El lugar de los viejos dirigentes políticos siempre es complejo: enormes jarrones chinos, presentes, visibles, evitados e incómodos, estén donde estén. Mientras algunos se han mostrado prudentes, disciplinados y discretos, otros pretenden seguir siendo guía y vigía de los pasos de las formaciones que ya no comandan, dotándose de potentes ‘think tanks’ para ello: la distancia entre Rajoy y Aznar lo ejemplifica. En el caso de los socialistas, no creo que González, Guerra y otros referentes de aquellos tiempos y gobiernos se hayan excedido en presencias, opiniones o en la tentación de seguir dirigiendo después de los años. El PSOE es un partido viejo, asentado, vertical y respetuoso de la autoridad de los jefes que elige a cada momento y hasta lo debido democrático al tomar decisiones. Si ahora parece que esa discreción se ha roto es porque algo sucede.

No son González y Guerra los únicos veteranos de aquel PSOE de los 70-90 hoy alarmados por el cambio de su partido ante algunos problemas del país. Lo expresaron ya en los tiempos de Zapatero, cuando se pasó de la igualdad a la identidad, dicho de manera demasiado sintética. Y lo manifiestan ahora, cuando se pretende desbordar los límites del Estado de Derecho confrontando esa lógica con la de la democracia, con la de quién puede coyunturalmente sumar más votos -o escaños- que el otro. Este es un cambio de cultura política mayor porque afecta al conjunto de la sociedad española y a la manera en que nos percibimos organizados. A la vez, evidencia que el PSOE lee la realidad desde el izquierdismo y no desde el reformismo radical, respetuoso del Estado de Derecho, que le caracterizó desde los 80 para aquí.

La cuestión no es baladí e invita a preguntarse en qué congreso con participación de los afiliados ha resuelto el PSOE una mutación de semejante naturaleza e importancia. Sánchez fue elegido líder en su día, y no se debe cuestionar tal cosa, pero sí el que las grandes líneas de actuación de su partido no respondan a la reflexión de sus asociados y sí a la necesidad de su dirigente, a la mera oportunidad. La voz airada de los viejos dirigentes es la punta del iceberg de un desasosiego similar en la base de afiliación, de voto y de cuerpo social representado. No se han discutido horizontalmente las extraordinarias novedades de la política de estos días y todo deviene de una lectura vertical que se transmite y despliega hacia esas bases. La animosidad frente a una derecha vista como enemiga retiene otras expresiones de esa desazón: una cosa es ser crítico con mi partido o mi líder y otra pasarme al contrario o ponerme a su servicio. Así funciona también el cada vez más simpatizante-hooligan: le retiene entre los suyos la amenaza del contrario, pero se incomoda ante lo que ve.

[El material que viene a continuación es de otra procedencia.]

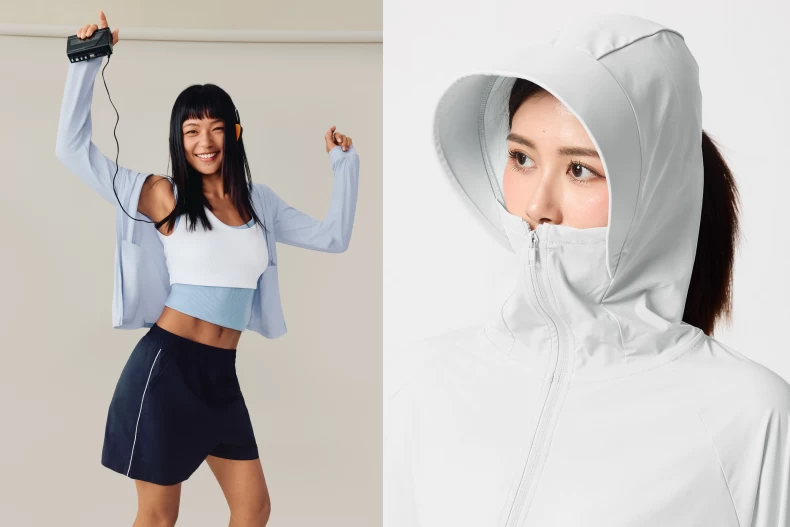 Threads爆紅單品懶人包!UNIQLO、NET全上榜,Lativ 棉質帆布鞋完勝無印良品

Y la disciplina o el no trabajar para el oponente acaban convirtiéndose en un riesgo colectivo. Quien arriesga hasta lo inaudito es Sánchez, con un proyecto político que empieza y termina en él mismo, como tantas veces hemos visto. Cuando una organización de miles de personas le respalda por pasiva, sin saber a dónde le lleva, o cuando lo hacen millones de simpatizantes y votantes, todo lo que se ande de más será el camino que habrá que desandar cuando se alcance el fracaso, cosa a la que más pronto o más tarde se acaba llegando. Entonces, sin la extraordinaria razón de la necesidad política del líder máximo para seguir siéndolo, muchos más que los jarrones chinos o los militantes incómodos y silentes demandarán una reubicación del partido en las posiciones en que tradicionalmente lo reconocían. Y ese tránsito se hará en la oposición, con el desasosiego que comporta.

Todas las organizaciones evolucionan (o involucionan) y cambian, y siempre encuentran al viejo que se quedó con la ajada bandera diciendo ‘no es eso, no es eso’. El problema es saber si ahora nos encontramos con algo diferente, con algo que no tiene que ver tanto con el mudar de los tiempos y sus efectos habituales como con el oportunismo y sus exigencias. Y un partido maduro y serio como el PSOE tiene que hacerse esas preguntas.